It means that they wrote it in their private capacity, representing themselves, not the DI. It means that the book represents only the opinions of those particular fellows, not necessarily of other fellows, or even of the majority of fellows; and it certainly does not represent the institutional policy of the DI – which is what we were talking about. You denied that the institutional policy of the DI in 2005 was what it is in fact was, and you did it by appealing to a book which some DI fellows wrote, in their private capacity, for another publisher, in 1999. That’s a materially misleading representation of the situation. My description of the DI position on mandating ID in 2005 was accurate. Yours was an invention.
First, the book never mentions anything called “ID creationism”, so you’re filtering its words through your interpretive lens. Second, the book clearly distinguishes “intelligent design theory” from “creationism”, in section 6. The point of section 6 is that this distinction means that the Edwards ruling does not apply to ID theory – which means that, in principle, ID theory could be taught in science class without constitutional violation.
Does it follow that because ID theory can be taught constitutionally, that it must be mandated? I don’t see that. I think the point is that if it produces better science education (as the authors thought it would), that’s a legitimate secular goal. I think the book is encouraging school boards who are thinking of including some discussion of ID not to be afraid of doing so on legal grounds. In retrospect, that advice was not so great, since an actual court did not accept the distinction made in section 6. But it was a plausible distinction in 1999 and the authors had the right to point out the legal possibilities.
You’re distorting the situation.
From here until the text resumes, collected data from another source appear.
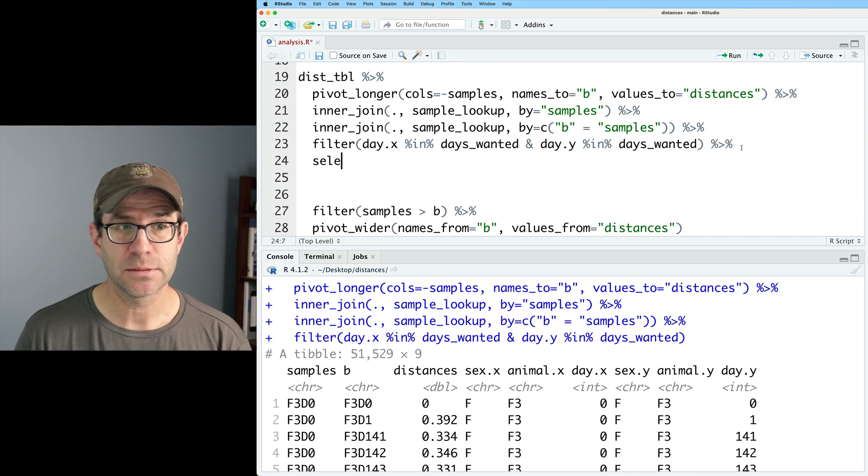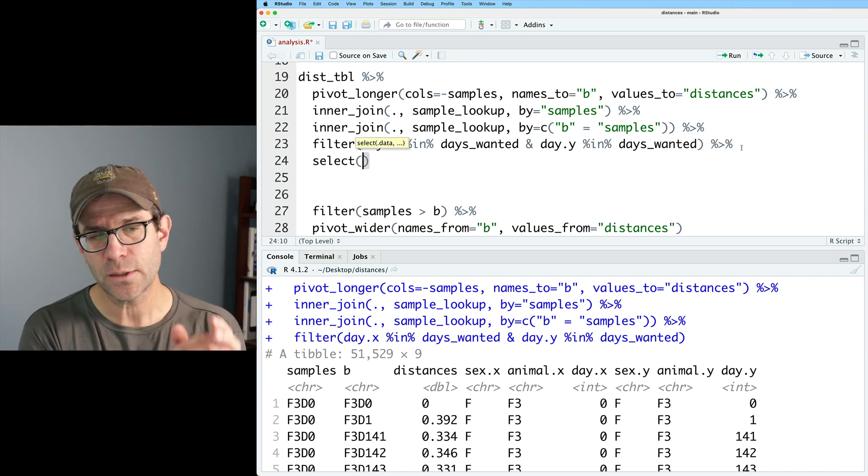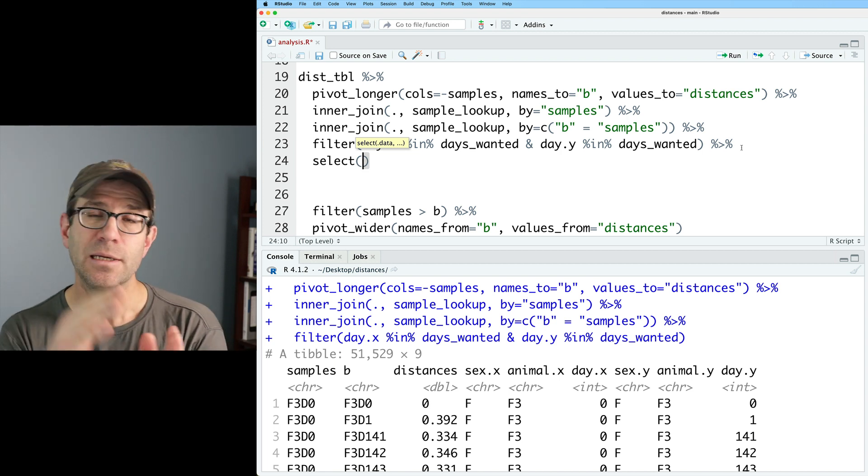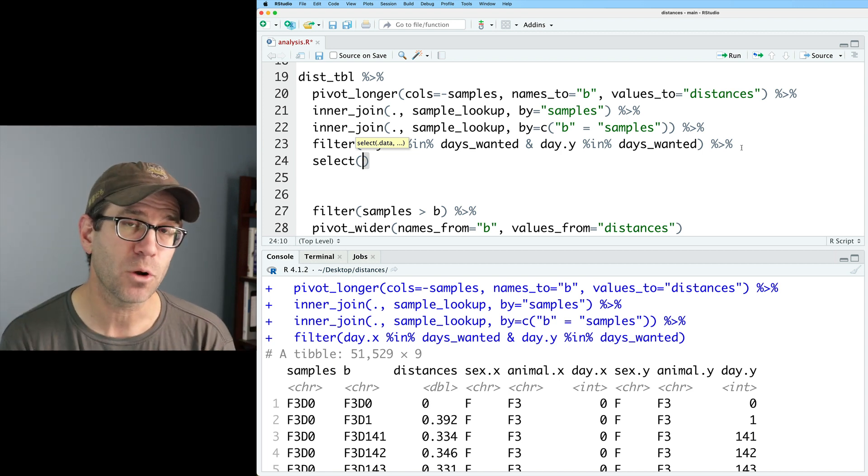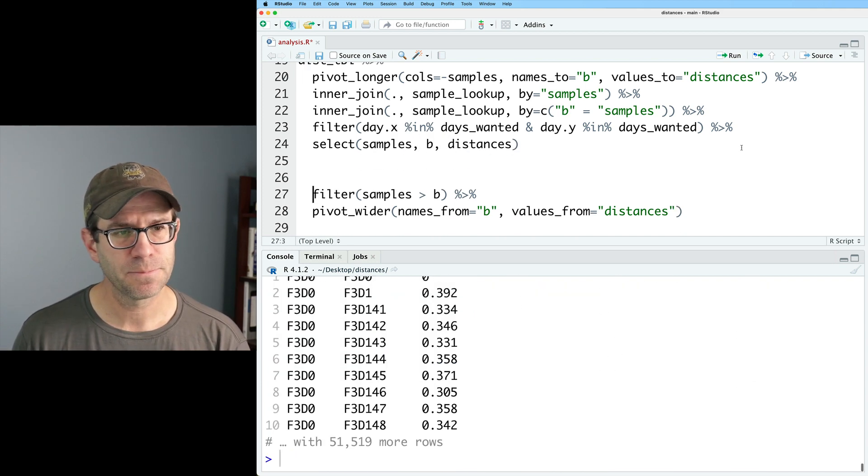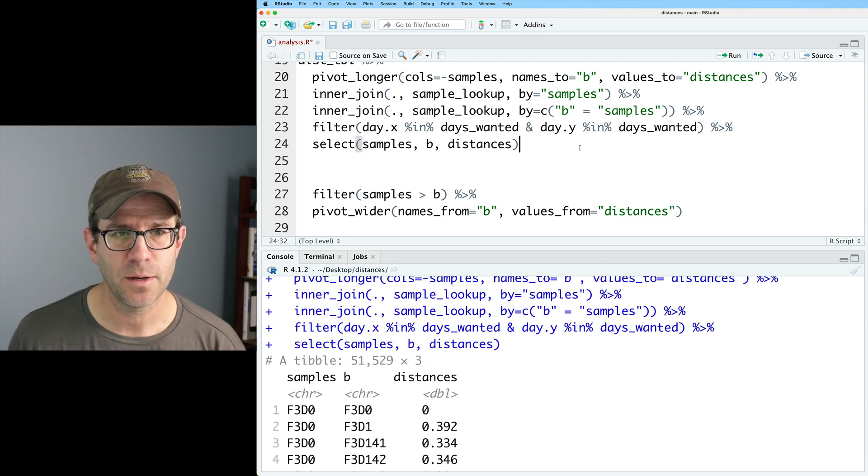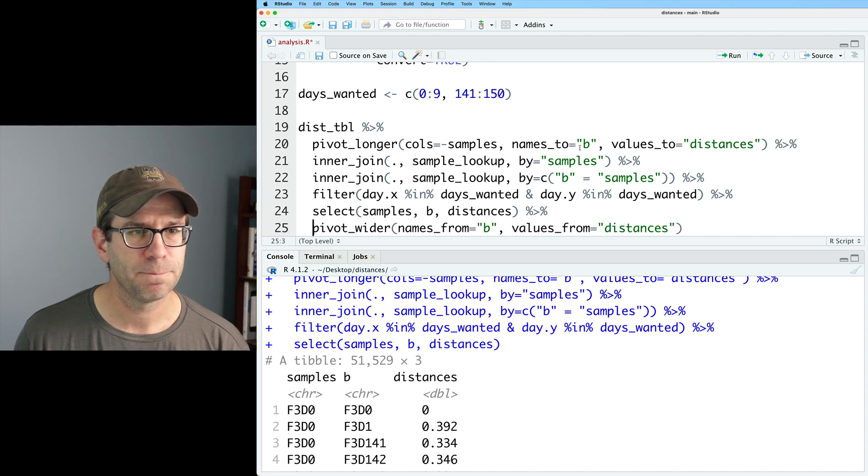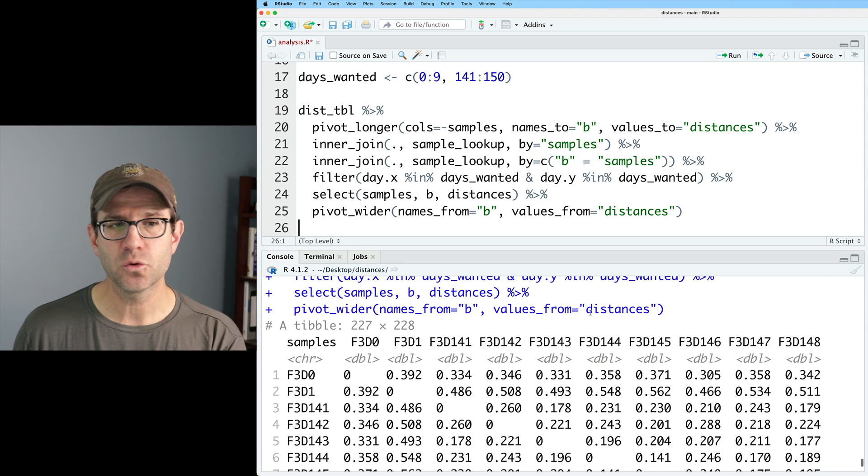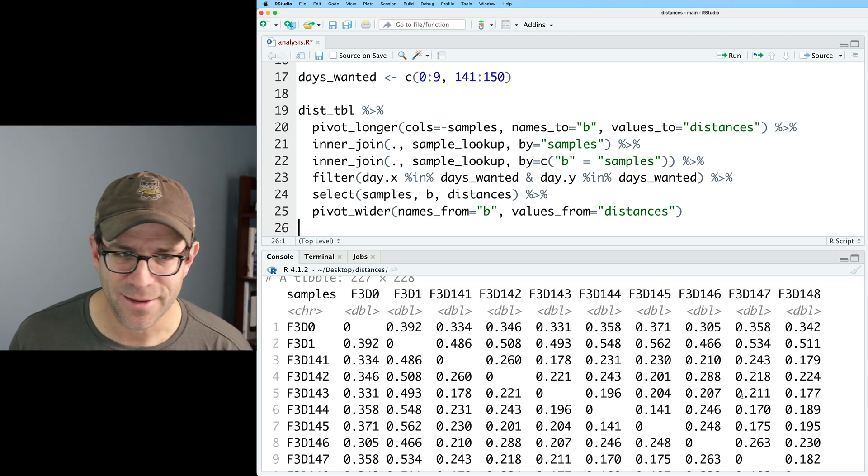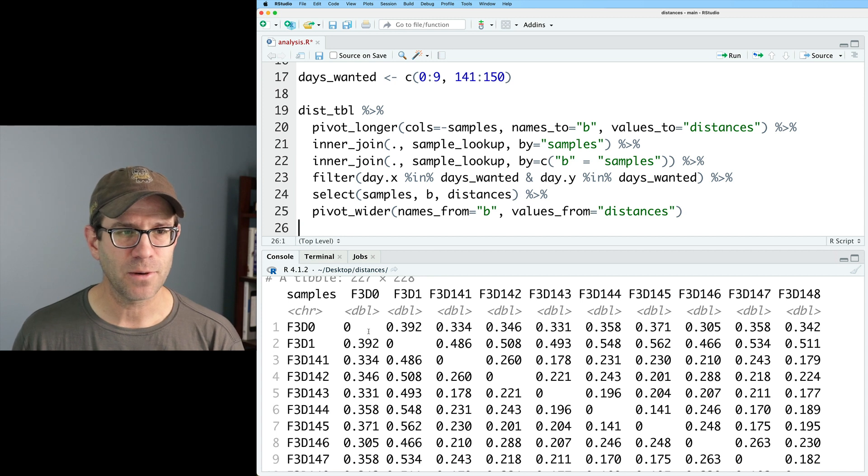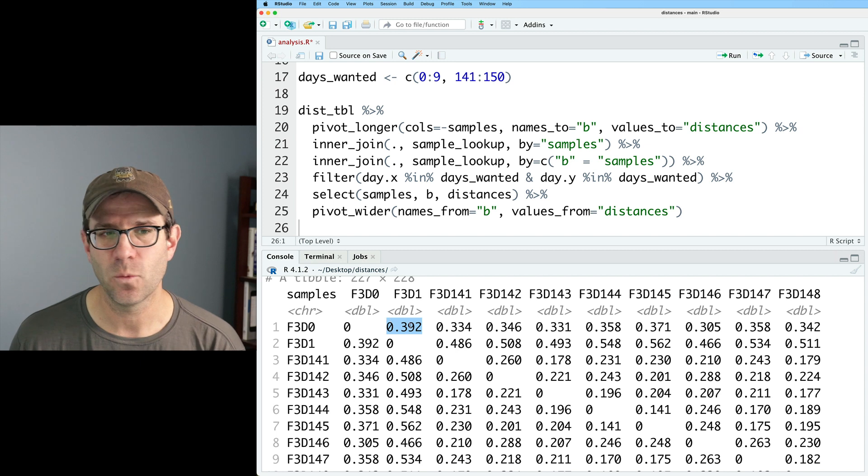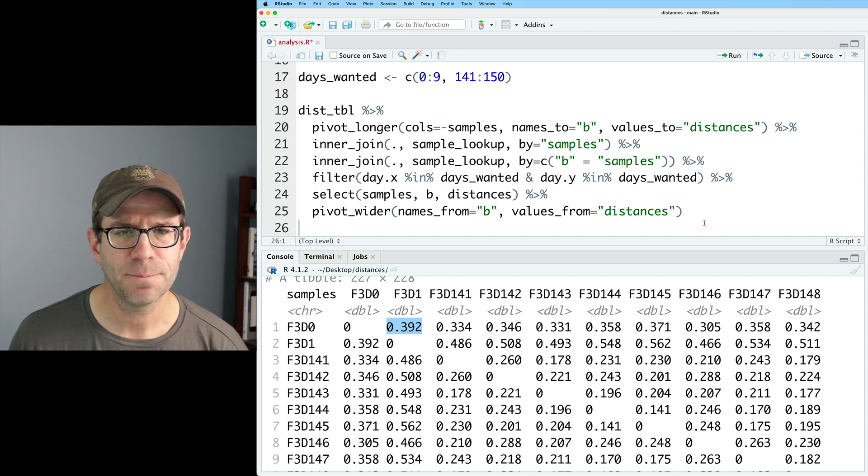So now I can go ahead and do a select because I only need three columns. I only need samples b and distances. I don't need all those .x and .y columns because those were really only brought in to help me to filter my data frame. So I'll do samples b distances. We go down to our three column data frame. And then we can then pipe this into pivot_wider. And so now we have a 227 by 228 data frame. We see that we do have that diagonal of zeros that our data frame is symmetric. So f3d0 f3d1 0.392 is the same as f3d1 f3d0 0.392. So it's a symmetric data frame.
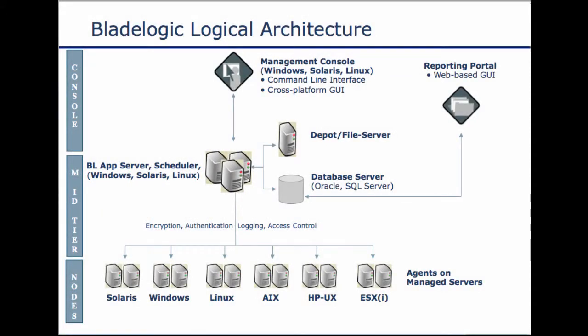Hello and welcome to another BladeLogic server automation video. In this video I'm going to show you how to configure the RSCD agent to run over a different port than the default port 4750. Many times companies want to change this port for security reasons or simply because of networking standard requirements.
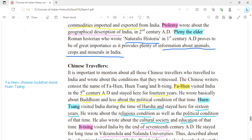Now, coming to Chinese travelers — we will mostly study Buddhist monks who are prominent among them. Their names are Faxian, Xuanzang, and Yijing. Faxian visited India in the 5th century AD and stayed for at least 14 years. His literature is basically themed on Buddhism, and his account provides less political information of that time. This means the religious account has a lot more importance in his writing compared to political conditions.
Behe etc. were not there advocating that school boards should mandate ID. They were there to defend the idea of the theory of intelligent design, as a non-Bible-based enterprise appropriate to be talked about in science class. Behe talked about flagella etc. Scott Minnich did the same. They were trying to make clear the distinction between ID and creationism. They were using the opportunity to generate some positive public awareness. It largely backfired. But their presence didn’t alter the DI’s steady rejection of the Dover Board’s policy.
Nothing in the Dover 4-paragraph statement referred to “ID Creationism” or endorsed it. The theory of intelligent design was mentioned. And as the rest of your post trails off in more ravings about “ID Creationism”, which neither Cooper nor Discovery urged Dover to teach, I’ll stop here.